"Nie ma zagrożenia ukraińskim importem rolnym dla unijnego rynku. Nic alarmującego się nie dzieje" - przekazał RMF FM urzędnik Komisji Europejskiej. Nawiązał on do analizy w sprawie funkcjonowania bezcłowego handlu z Ukrainą za maj i czerwiec, wykonanej przez Dyrekcję Generalną ds. Handlu KE. Dokument ten Komisja przekazała krajom członkowskim UE.

REKLAMA

Bruksela jest zobowiązana do przedstawiania co 2 miesiące analiz, jak ta wykonana przez dyrekcję ds. handlu. Ta jest pierwsza po przedłużeniu bezcłowego handlu.

Nie ma podstaw do nowych zakazów

Korespondentka RMF FM z Brukseli Katarzyna Szymańska-Borginon nieoficjalnie ustaliła, że z tej analizy wynika to, iż nie ma podstaw, aby obecnie wprowadzać jakiekolwiek nowe unijne zakazy importu z Ukrainy. Przypomnijmy, bezcłowy handel państw unijnych z Ukrainą został przedłużony do czerwca 2024 roku. Zakaz importu ukraińskiego ziarna dotyczy jedynie kilku krajów - Bułgarii, Polski, Rumunii i Słowacji.
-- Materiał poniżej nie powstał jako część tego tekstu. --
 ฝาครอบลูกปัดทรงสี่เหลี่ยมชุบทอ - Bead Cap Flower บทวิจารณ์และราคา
Zakaz importu do 4 krajów obowiązuje do 15 września i ewentualnym przedłużeniem tego terminu KE zajmie się na początku przyszłego miesiąca.

Jak dowiedział się RMF FM, w tej analizie nie uwzględniono jednak importu malin czy truskawek. A sektor ten jest bardzo ważny dla Polski, która jest największym producentem malin w Unii Europejskiej.
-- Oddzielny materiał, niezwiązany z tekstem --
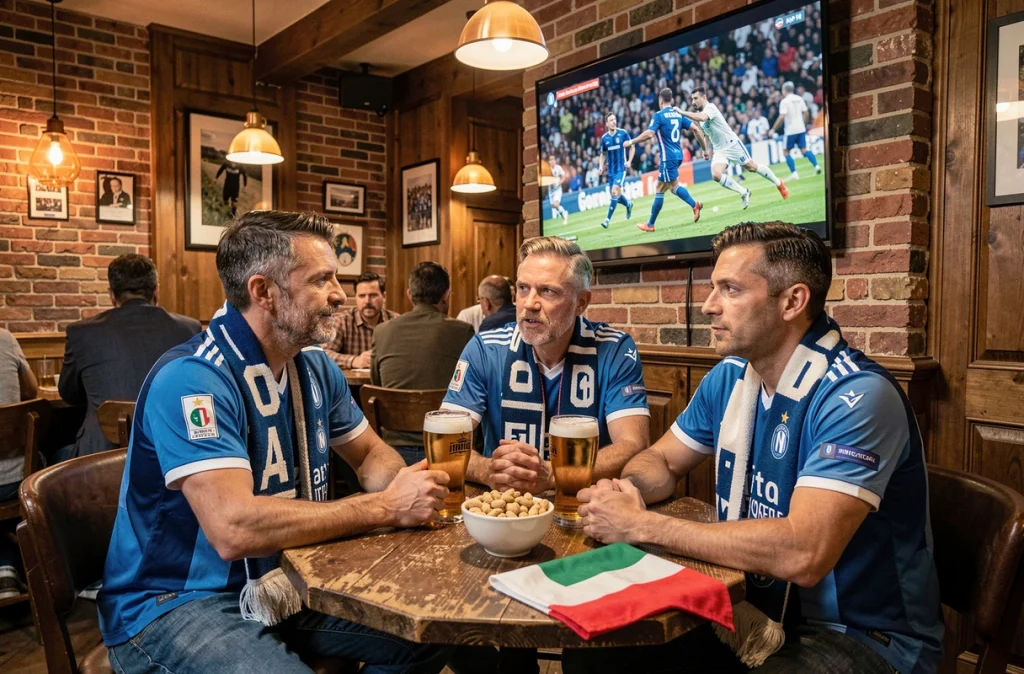 Groupe de supporters de l'Inter Milan dans un bar sportif parisien regardant un match ensemble, autour d'une table en bois avec écharpes et maillots
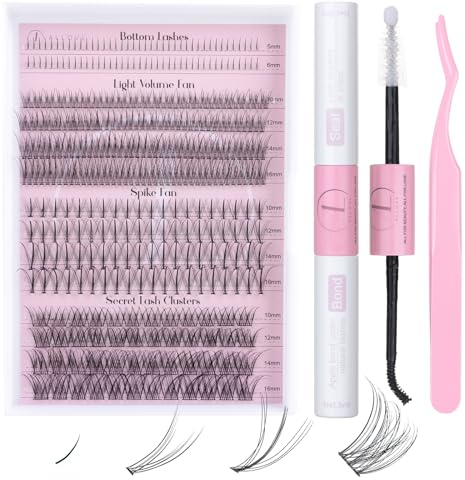 ALLOVE Wimpern-Bündel Kit Einzelwimpern Mehrtypen Gemischte DIY-Wimpernverlängerungen Kit mit Unterwimpern, 7D Spike-Fächer, Leichte Volumenfächer, Natürliche Wimpernbündel für Selbst-Anwendung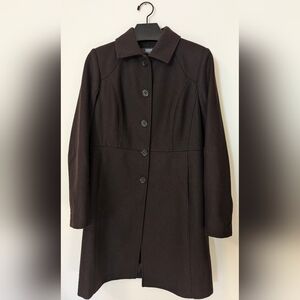 Reaction Kenneth Cole dark brown wool coat size 8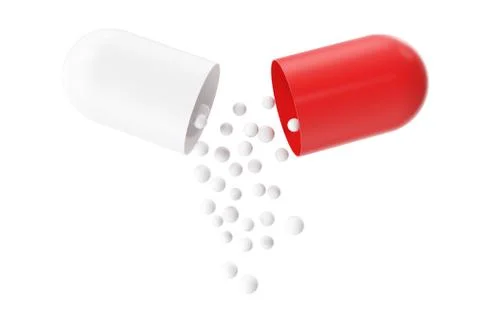 Opened red white pill capsule with white granules. 3d illustration Stock Illustration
W lipcu Warszawa zwróciła się do KE o wprowadzenie zakazu importu tych owoców z powodu im nadmiernego ukraińskiego importu.

Dwa procent unijnej produkcji

Jeśli chodzi o pozostałe artykuły rolne, praktycznie w żadnych przypadku import z Ukrainy nie przekracza dwóch procent unijnej produkcji. Trudno więc mówić - przy tak niewielkiej skali - że ukraiński import destabilizuje unijny rynek.

W maju i czerwcu w ogóle nie sprowadzano ukraińskiej wołowiny i wieprzowiny. Z kolei import drobiu w tych miesiącach to nieco ponad 32 tys. ton. Jednak jego roczna produkcja w UE to około miliona ton.

Nie ma więc zagrożenia, tym bardziej że ceny w Unii rosną - przekazał rozmówca RMF FM. Oznacza to, praktycznie brak szans na wprowadzenie restrykcji importowych na drób z Ukrainy o które wnioskowała w czerwcu europejska organizacja producentów drobiu (AVEC), w tym polscy drobiarze.

Nie ma także zagrożenia dla producentów miodu czy cukru.

Natomiast w przypadku pszenicy, kukurydzy, rzepaku i nasion słonecznika import do 4 krajów w tym do Polski jest zerowy. Zboża te importują zwłaszcza Hiszpania, Włochy, Portugalia czy Holandia.